_Work instructions_
Search the listing below for the line containing "Palarie military US". From there through the line containing "تويوتا يارس Y PLUS 2021 image", transcribe every line exactly, both ends included.

_Material provided_
-*-

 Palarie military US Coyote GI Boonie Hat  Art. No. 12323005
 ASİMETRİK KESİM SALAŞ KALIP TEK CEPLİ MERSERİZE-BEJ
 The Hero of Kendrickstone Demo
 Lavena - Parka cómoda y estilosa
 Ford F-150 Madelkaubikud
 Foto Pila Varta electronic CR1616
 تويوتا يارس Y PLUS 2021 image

-*-

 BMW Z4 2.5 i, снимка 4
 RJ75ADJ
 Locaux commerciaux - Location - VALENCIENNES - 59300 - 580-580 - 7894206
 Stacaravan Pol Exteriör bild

-*-

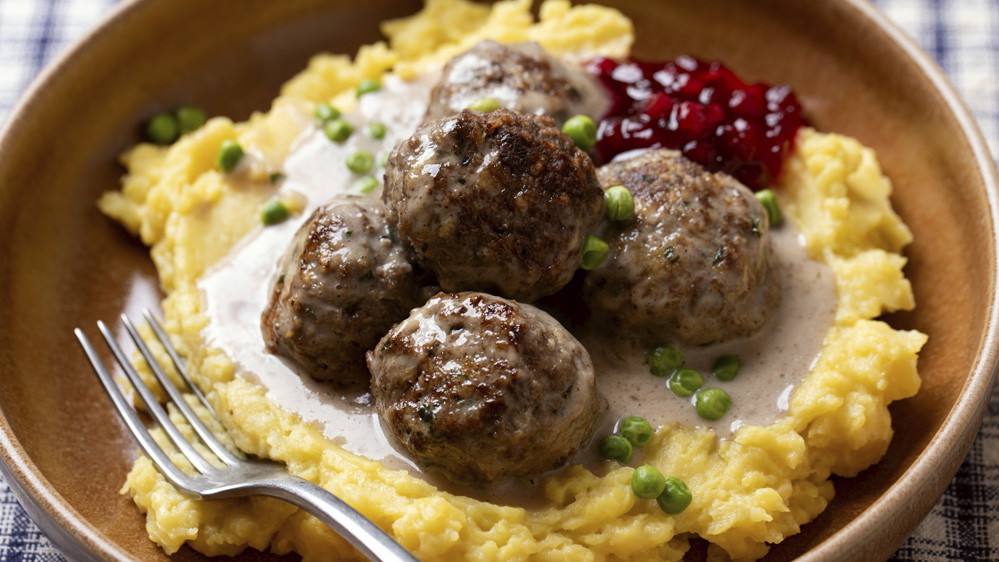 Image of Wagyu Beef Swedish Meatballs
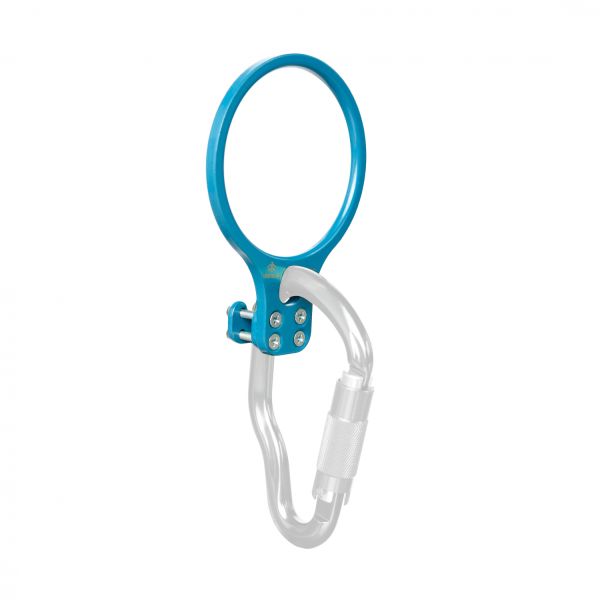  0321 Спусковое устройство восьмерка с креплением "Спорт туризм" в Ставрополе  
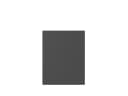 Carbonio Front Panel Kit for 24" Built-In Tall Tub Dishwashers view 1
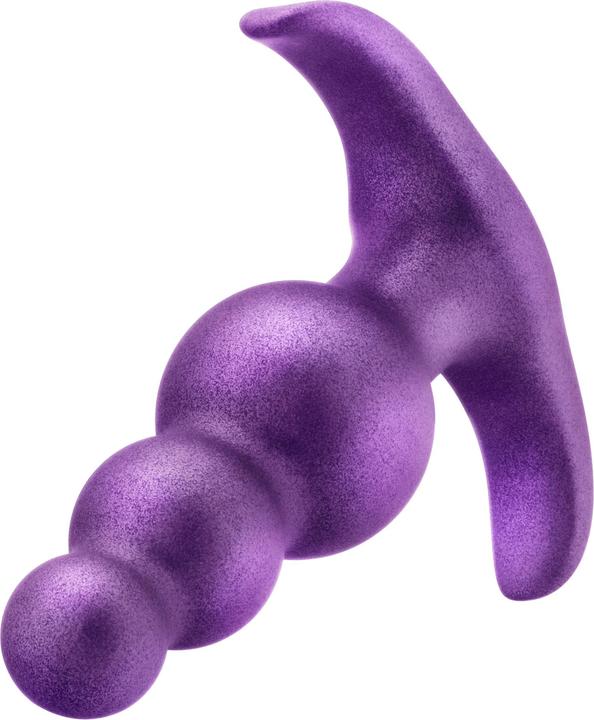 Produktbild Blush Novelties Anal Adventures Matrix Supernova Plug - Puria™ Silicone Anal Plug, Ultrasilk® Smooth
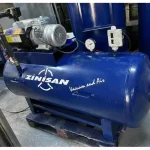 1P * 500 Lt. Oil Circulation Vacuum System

-*-

_Completed exercise_
 Palarie military US Coyote GI Boonie Hat  Art. No. 12323005
 ASİMETRİK KESİM SALAŞ KALIP TEK CEPLİ MERSERİZE-BEJ
 The Hero of Kendrickstone Demo
 Lavena - Parka cómoda y estilosa
 Ford F-150 Madelkaubikud
 Foto Pila Varta electronic CR1616
 تويوتا يارس Y PLUS 2021 image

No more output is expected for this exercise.